‘Mad Men’ Creator Matthew Weiner on Today’s Advertising

‘Mad Men’ Creator Matthew Weiner on Today’s Advertising

By Sean Cunningham
LOS ANGELES, CA - MAY 17: Actor Jon Hamm (L) and executive producer Matthew Weiner arrive at the Film Independent at LACMA special screening of the final episode of "Mad Men" at The Ace Hotel Theater on May 17, 2015 in Los Angeles, California. (Photo by Amanda Edwards/WireImage)
Jon Hamm and ‘Mad Men’ creator Matthew Weiner at The Ace Hotel Theater on May 17, 2015 in Los Angeles. (Amanda Edwards/WireImage)

 

Mad Men creator Matthew Weiner will always have a place in television history. His show regularly dukes it out with The Sopranos (for which he was a writer), The Wire, and Breaking Bad for the title of greatest American TV drama ever. (He also made a less successful move to the silver screen as the writer/director of 2013’s Are You Here with a cast including Amy Poehler, Owen Wilson, and Zach Galifianakis.) Now as he’s preparing to return to TV with a new project for Amazon, Adweek‘s Jason Lynch caught up with him to talk advertising.

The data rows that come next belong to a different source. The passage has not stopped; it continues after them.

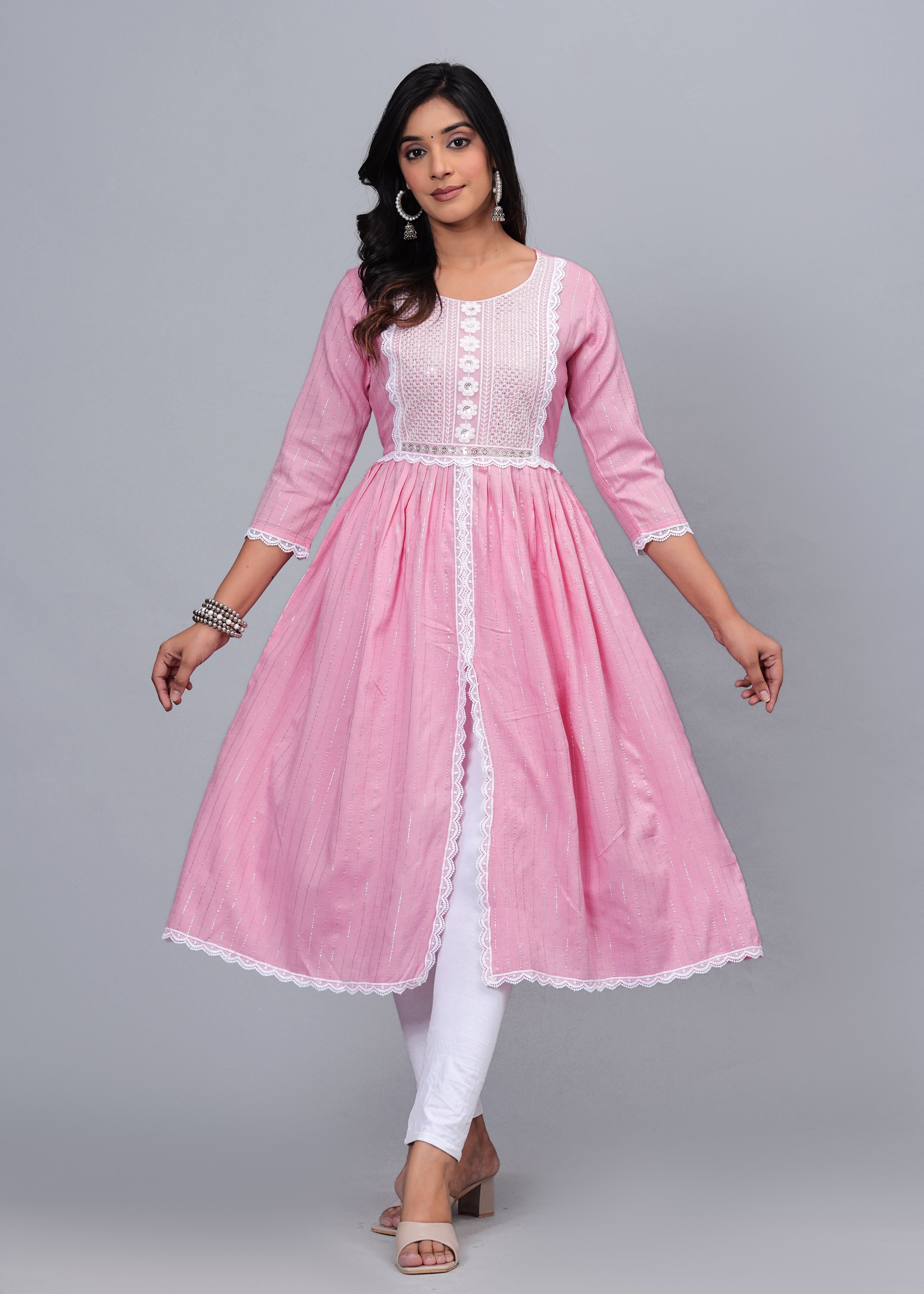 Blush Elegance Luxe Cotton Long Kurta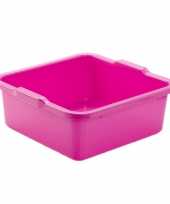 Set van 2x stuks kunststof teiltje afwasbak vierkant 8 liter roze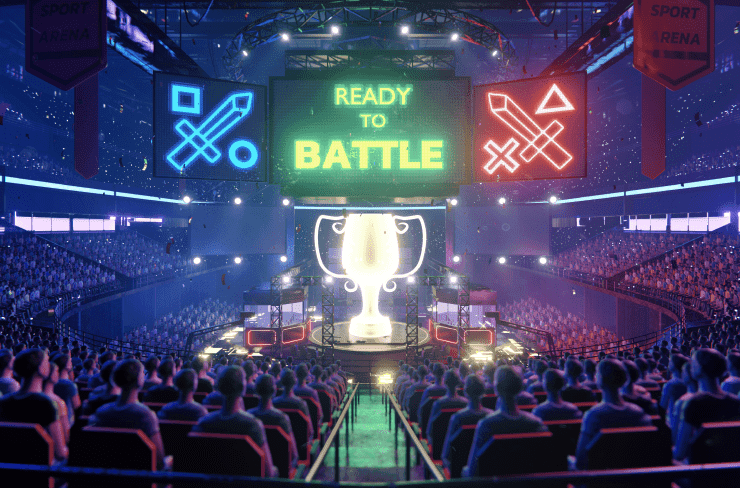 An illustration of a gaming arena with digital announcements on display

Much like Don Draper and company, Weiner and the show’s writers needed to come up with ad campaigns for the featured products. It seems that these could be often humbling. Weiner notes that when the show featured Jaguar, he suggested this campaign tagline: “Something beautiful you can own.” The show’s staff included Vic Levin, who boasted a background in advertising. Weiner recalls him declaring, “This is a terrible tagline. It’s terrible. It’s beneath Don. It’s beneath the agency.” Levin particularly hated how the ad wasn’t “specific”: “Anybody who can buy a Jaguar can buy anything.”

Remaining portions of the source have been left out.